Wild boar! he thought as he whirled, drawing his sword. Then it dawned on him that there could be no wild boar in St Mungo’s kirkyard. Feeling slightly foolish, he stared round under the trees, sword in hand, waiting for the sound to be repeated. There it was again - over there among those bushes. He made his way cautiously through the long grass, and carefully parted the leaves with the point of his blade.
The mason’s men, three sturdy fellows in aprons, were gathered inside the walls of the chapel, standing on the muddy grass staring down at the corpse. Their master was issuing instructions about a hurdle when Gil climbed the scaffolding.
‘Ah - maister lawyer,’ he said, breaking off. ‘What have you learned? Where does she go home?’
‘Greyfriars,’ said Gil. ‘But we’ll need another hurdle.’
The three men turned to stare at him. One was squat and grizzled, one was fair and lanky, and the middle one was the journeyman called Thomas, who had argued with a merchant’s son in the High Street. So her father is the master mason? he thought.
‘Is your missing laddie about fifteen, wearing striped hose?’
Thomas swallowed.
‘Aye,’ he said. ‘Rare proud of them he is, too. What d’ye mean, a hurdle, maiste
r? Is he - have you -?’
‘I’ve found him,’ said Gil.
The boy was not dead. He lay on his face in a little huddle under the bushes, blood caked on a vicious wound on the top of his head, breathing with the stertorous snores that had attracted Gil’s attention. There was no other mark on him, but he was very cold.

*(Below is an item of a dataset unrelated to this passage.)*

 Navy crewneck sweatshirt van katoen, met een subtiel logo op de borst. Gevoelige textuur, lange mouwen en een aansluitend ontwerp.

‘It needs that we nurse him,’ said Maistre Pierre. ‘I have heard men breathe so before.’ He looked round, to where two of the men were approaching with a hurdle, and held up one large hand. ‘A moment, Wattie. Maister Cunningham, do you see something strange?’
‘Very strange,’ agreed Gil. ‘I wondered if you would see it. There is no sign of the man who struck him that blow. I followed the boy’s own tracks into the bushes. Someone else has run by him, a couple of paces that way, but hardly close enough to hit him like that.’
‘You must stand still to strike so hard a blow,’ said the mason thoughtfully. He scratched the back of his head, pushing the hat forward. ‘I have seen a man walk away after he was struck and fall down later. Perhaps he was not struck here.’
‘Can we move him, maister?’ demanded the grizzled Wattie. ‘If he’s no deid yet, he soon will be, laid out here in the dew like that.’
‘Aye, take him up, Wattie,’ said his master, straightening the hat. ‘You and Thomas, bear him to our house. Send Luke ahead to warn the household, and bid him fetch a priest,’ he added. ‘He must be shriven. Ah, poor laddie.’
The limp form was lifted on to the hurdle. Gil, on sudden impulse of pity, pulled off his short gown and tucked it round the boy.
‘His bonnet’s here,’ said Wattie, lifting it. ‘It was under him.’
‘Give me,’ said the mason. ‘Has he been robbed?’
‘Two pennies and a black plack in his purse,’ reported Wattie, ‘and he’s still wearing this.’ He pulled aside the folds of the gown to display a cheap brooch, the kind exchanged by sweethearts, pinned to the lad’s doublet. ‘His lass gave him that at St Mungo’s Fair.’